Task
Return all of the records exactly.

---------- Materials provided ----------

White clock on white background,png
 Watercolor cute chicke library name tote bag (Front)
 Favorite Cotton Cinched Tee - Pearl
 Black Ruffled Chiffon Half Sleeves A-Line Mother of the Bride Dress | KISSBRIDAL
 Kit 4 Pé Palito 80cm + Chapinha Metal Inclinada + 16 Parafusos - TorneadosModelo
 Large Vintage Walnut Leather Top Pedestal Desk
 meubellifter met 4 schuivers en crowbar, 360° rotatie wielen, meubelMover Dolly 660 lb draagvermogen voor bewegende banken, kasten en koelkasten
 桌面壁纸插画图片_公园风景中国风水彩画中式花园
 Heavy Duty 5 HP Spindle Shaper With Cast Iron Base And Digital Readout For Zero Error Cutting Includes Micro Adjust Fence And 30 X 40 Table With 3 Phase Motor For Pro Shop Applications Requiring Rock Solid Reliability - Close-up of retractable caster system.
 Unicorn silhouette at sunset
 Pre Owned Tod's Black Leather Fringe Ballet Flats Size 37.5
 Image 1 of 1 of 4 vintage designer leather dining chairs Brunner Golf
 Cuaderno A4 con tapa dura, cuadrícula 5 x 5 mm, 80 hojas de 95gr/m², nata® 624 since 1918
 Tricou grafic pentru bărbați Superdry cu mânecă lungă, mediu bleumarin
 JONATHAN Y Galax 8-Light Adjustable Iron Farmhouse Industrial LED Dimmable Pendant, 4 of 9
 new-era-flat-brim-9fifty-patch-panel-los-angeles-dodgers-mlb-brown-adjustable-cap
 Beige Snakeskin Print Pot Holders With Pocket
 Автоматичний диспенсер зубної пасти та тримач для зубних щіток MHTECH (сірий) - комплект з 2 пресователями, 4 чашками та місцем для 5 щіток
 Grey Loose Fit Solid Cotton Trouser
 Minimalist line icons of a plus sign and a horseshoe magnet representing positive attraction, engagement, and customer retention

----------

Written response
White clock on white background,png
 Watercolor cute chicke library name tote bag (Front)
 Favorite Cotton Cinched Tee - Pearl
 Black Ruffled Chiffon Half Sleeves A-Line Mother of the Bride Dress | KISSBRIDAL
 Kit 4 Pé Palito 80cm + Chapinha Metal Inclinada + 16 Parafusos - TorneadosModelo
 Large Vintage Walnut Leather Top Pedestal Desk
 meubellifter met 4 schuivers en crowbar, 360° rotatie wielen, meubelMover Dolly 660 lb draagvermogen voor bewegende banken, kasten en koelkasten
 桌面壁纸插画图片_公园风景中国风水彩画中式花园
 Heavy Duty 5 HP Spindle Shaper With Cast Iron Base And Digital Readout For Zero Error Cutting Includes Micro Adjust Fence And 30 X 40 Table With 3 Phase Motor For Pro Shop Applications Requiring Rock Solid Reliability - Close-up of retractable caster system.
 Unicorn silhouette at sunset
 Pre Owned Tod's Black Leather Fringe Ballet Flats Size 37.5
 Image 1 of 1 of 4 vintage designer leather dining chairs Brunner Golf
 Cuaderno A4 con tapa dura, cuadrícula 5 x 5 mm, 80 hojas de 95gr/m², nata® 624 since 1918
 Tricou grafic pentru bărbați Superdry cu mânecă lungă, mediu bleumarin
 JONATHAN Y Galax 8-Light Adjustable Iron Farmhouse Industrial LED Dimmable Pendant, 4 of 9
 new-era-flat-brim-9fifty-patch-panel-los-angeles-dodgers-mlb-brown-adjustable-cap
 Beige Snakeskin Print Pot Holders With Pocket
 Автоматичний диспенсер зубної пасти та тримач для зубних щіток MHTECH (сірий) - комплект з 2 пресователями, 4 чашками та місцем для 5 щіток
 Grey Loose Fit Solid Cotton Trouser
 Minimalist line icons of a plus sign and a horseshoe magnet representing positive attraction, engagement, and customer retention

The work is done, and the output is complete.